Contact law enforcement
If you find no record that the guarantor ever owned the property, you may be a victim of fraud.
Call your local law enforcement agency to file a police report, or if the fraud occurred interstate, you can contact your local FBI field office to file a report. If the scam is being committed online (for example, you were solicited and subscribed online), you can also contact the FBI’s Internet Crime Complaint Center at ic3.gov.
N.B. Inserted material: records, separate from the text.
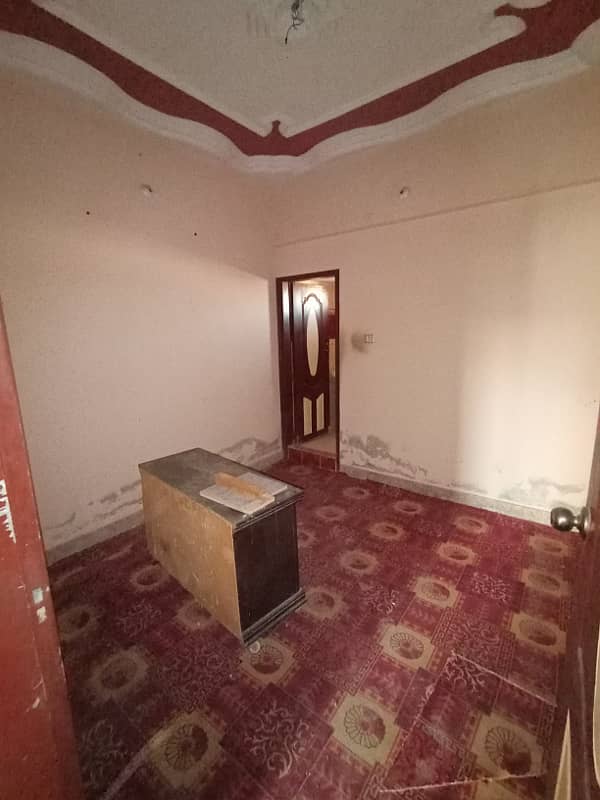 CORNER ka 5 rooms ka FLAT Sirf 65 Lac Mai North Karachi sector 5-C 2 Mai near main road 9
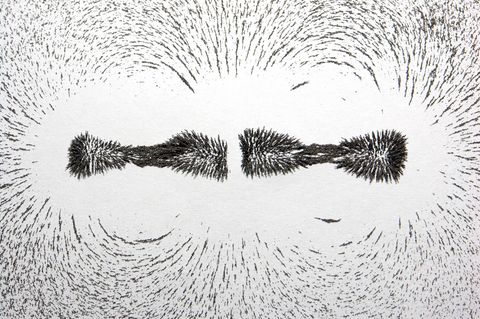 Eisenspäne in magnetischer Ausrichtung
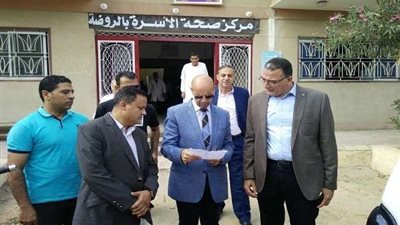 وكيل صحة الشرقية يفتتح عيادة ومعمل الأسنان بمركز طب الأسرة بالروضة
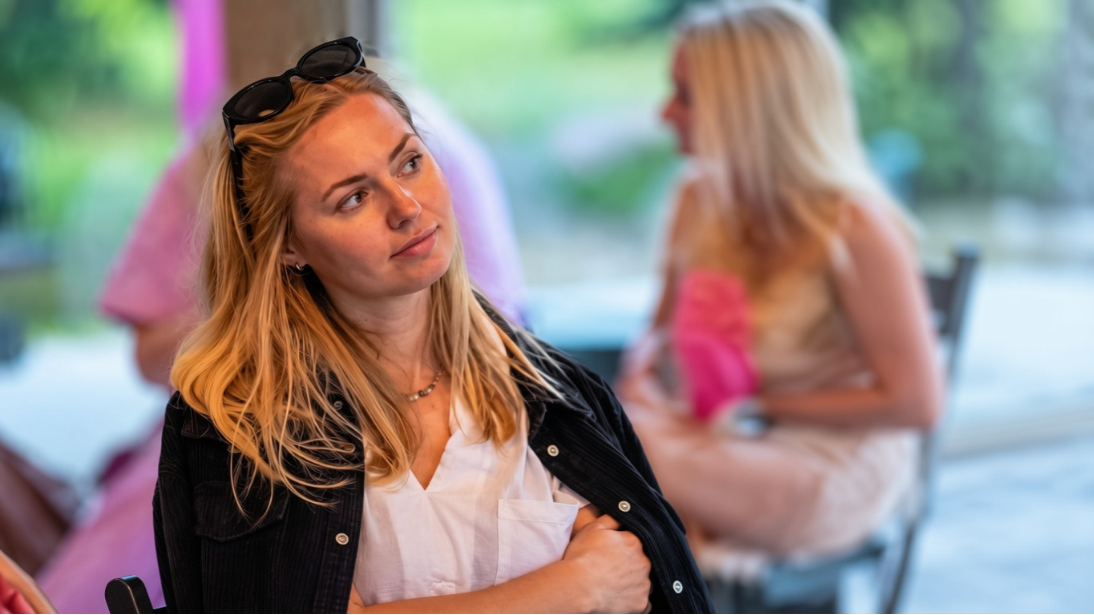 Gundie at an event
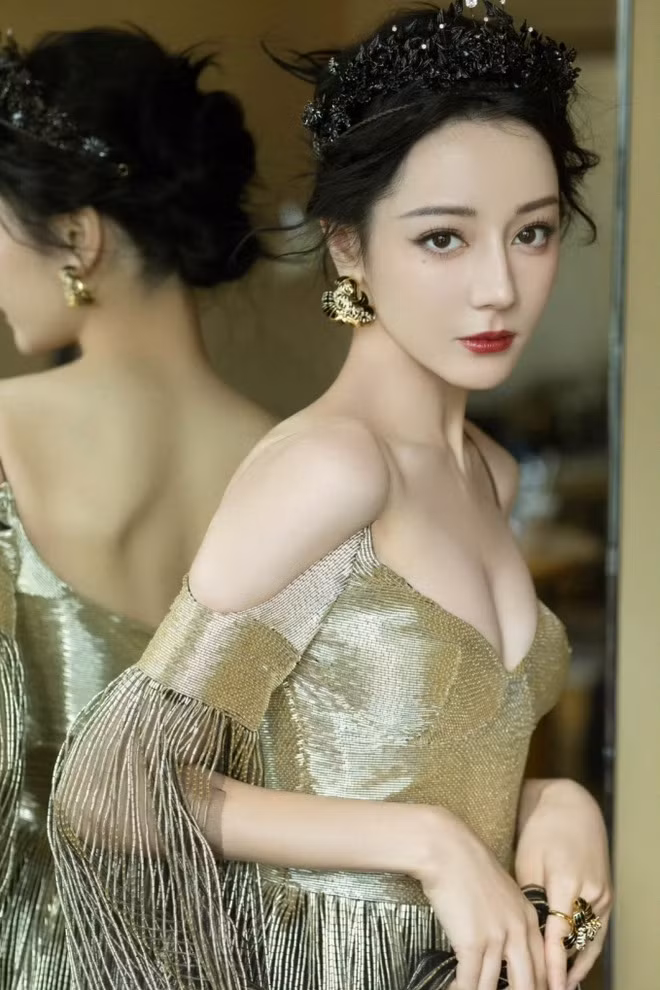 Địch Lệ Nhiệt Ba, Lâm Duẫn, Từ Kiều (từ trái sang) được cho là sẽ xuất hiện trong phim của Tinh Gia.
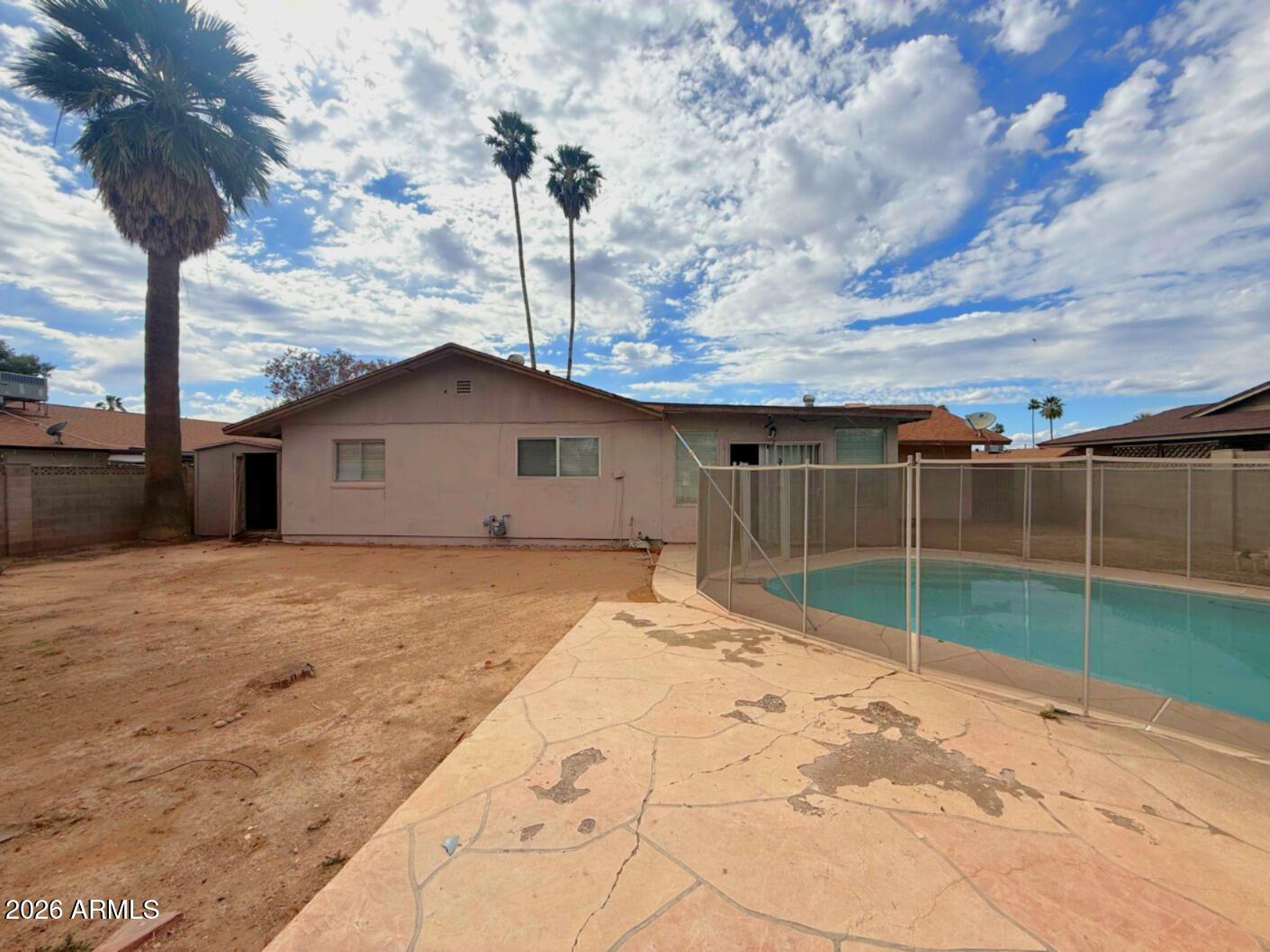 4625 South Rita Lane Tempe, AZ 85282 - Photo 15 of 16 a view of a backyard of a house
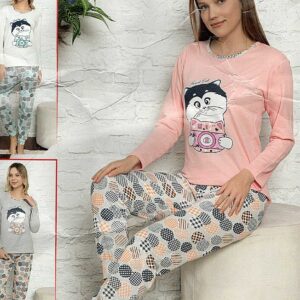Pijama lunga bumbac vatuit din bumbac gros. Setul conține bluză și pantaloni lungi cu imprimeu haios. Potrivita pentru fetele cu umor si bun gust!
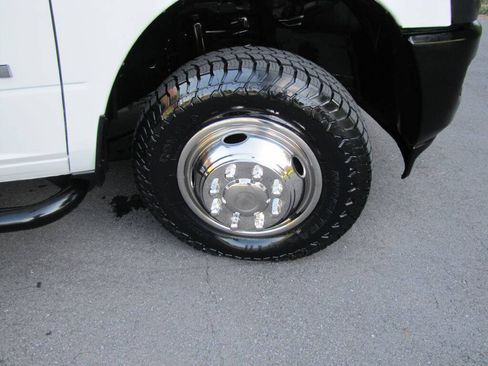 Used 2022 RAM 3500 Tradesman RWD image 17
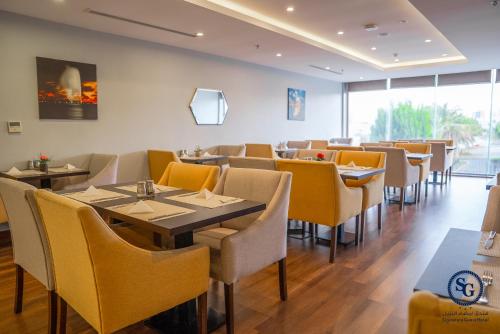 Signature Guest Hotel near Mall of Arabia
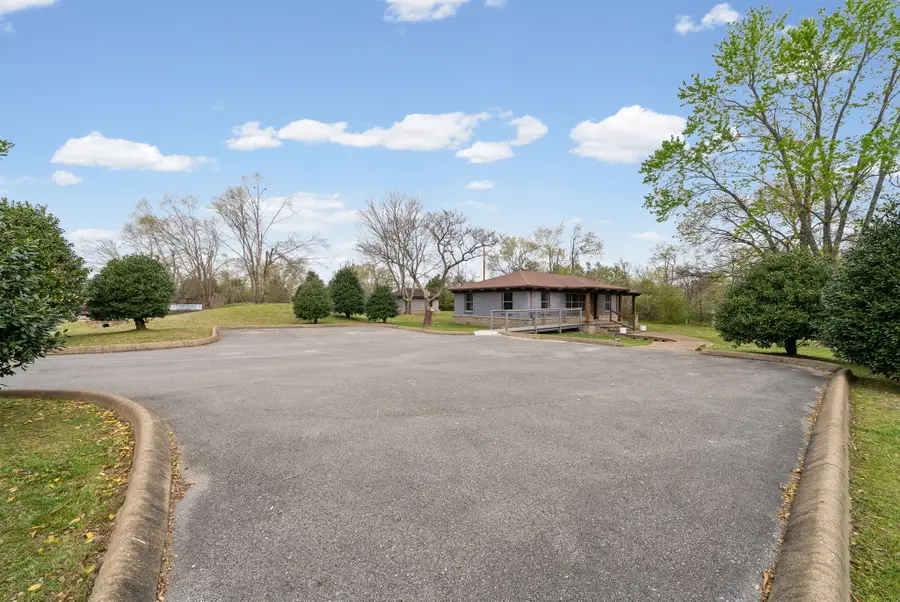 549 Swan Ave, Hohenwald, TN 38462 - #3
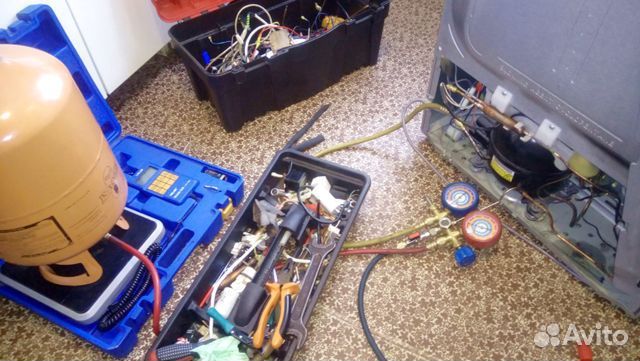 Ремонт стиральных машин Холодильников и Посудомоек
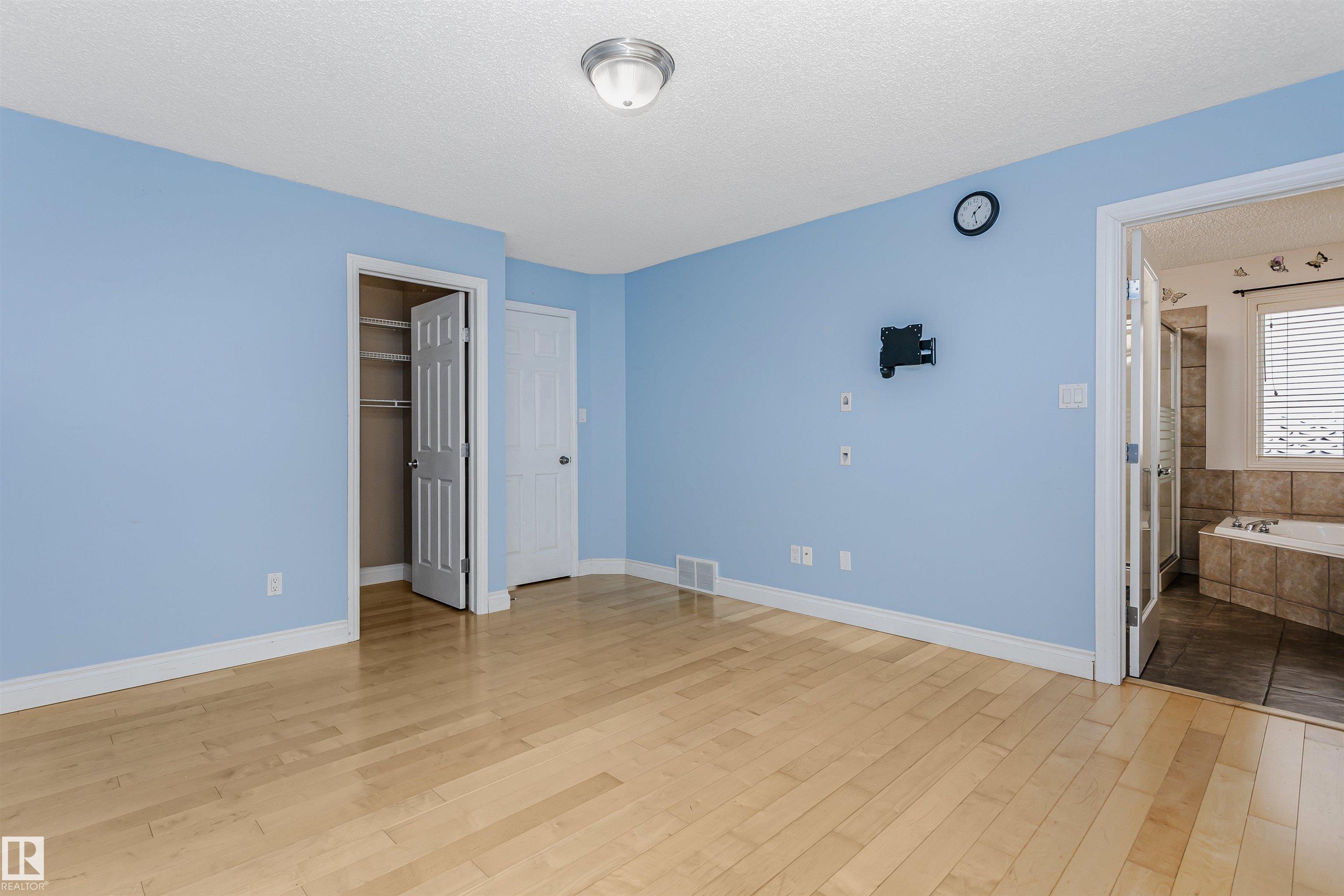 Photo 17 at 607 Windross Crescent NW, Wild Rose, Edmonton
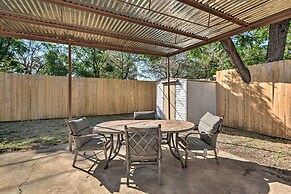 1 Mi to Uta: Arlington Elm Cottage w/ Fenced Yard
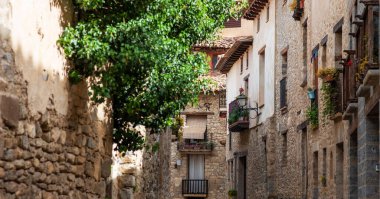İspanya 'daki eski bir köy. Büyüleyici eski sokaklar. Güzel taş evleri olan tipik bir köy..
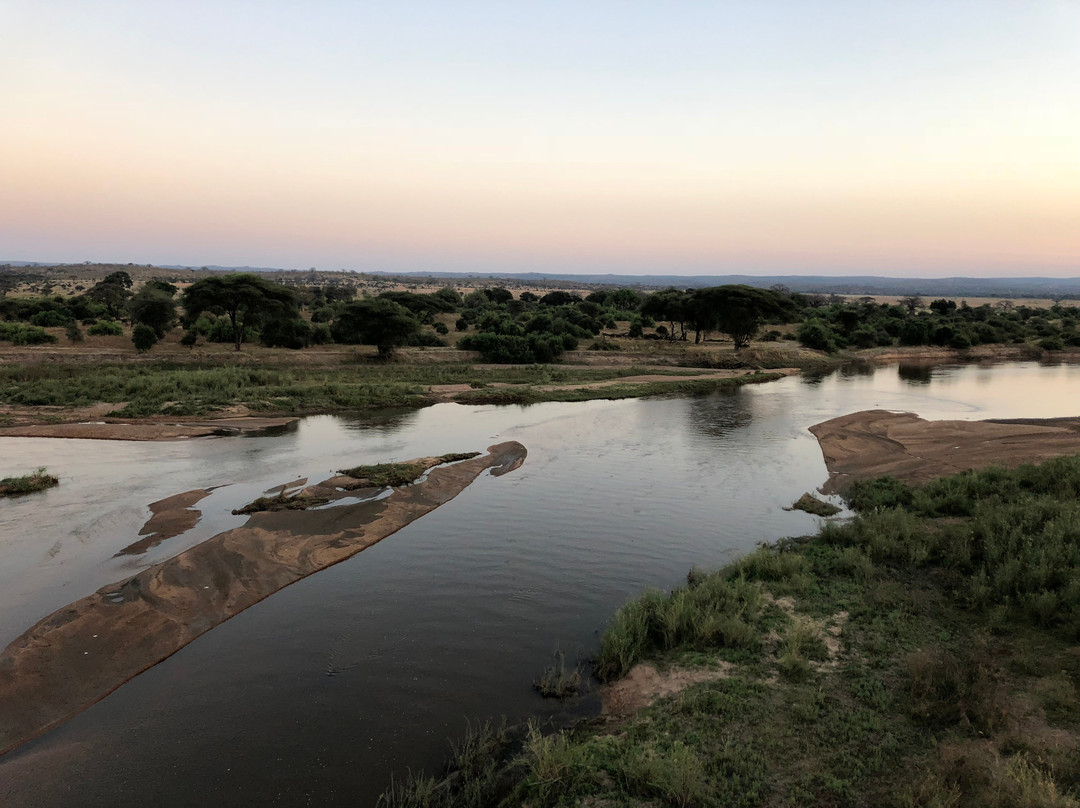 Serengeti Balloon Safaris-鲁阿哈国家公园必去景点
You can also find a list of local offices on the website.
You may also file a complaint with your state’s Division of Corporations, securities regulators, or the federal Securities and Exchange Commission (SEC).
6. Find a lawyer
Assuming you’ve ruled out technical issues and fraud, you have a simple case of an uncommunicative sponsor. However, this is far from simple.
There are many reasons why sponsors become reticent. These include unintentional reasons, such as death or illness of the sponsor, and intentional reasons, such as abandonment of an investment. There are also situations in between, such as incompetence, lack of experience (not knowing what to say), and sticking your head in the sand and hoping the problem will go away.
If the sponsor continues to avoid you, consider contacting an attorney who specializes in securities law or commercial litigation. They may start with a request letter to provide reports required to operate the agreement, such as real estate financial reports, quarterly reports, K-1s, etc.
If your previous efforts to find other investors for the fund have been successful, you could try to organize the group to share attorney fees or file a lawsuit on behalf of all of you and share the costs.
7. Change of sponsor (if allowed)
The last resort is to change sponsors. The operating agreement will set out the circumstances under which this can be done and the process to be followed.
Remember, the operating agreement is written by the sponsor’s attorneys, so replacing them is often a very difficult matter. But if you manage to network with enough other investors, then together you can force a membership meeting and vote.
What other methods have you used to get uncommunicative sponsors to communicate? Let us know in the comments.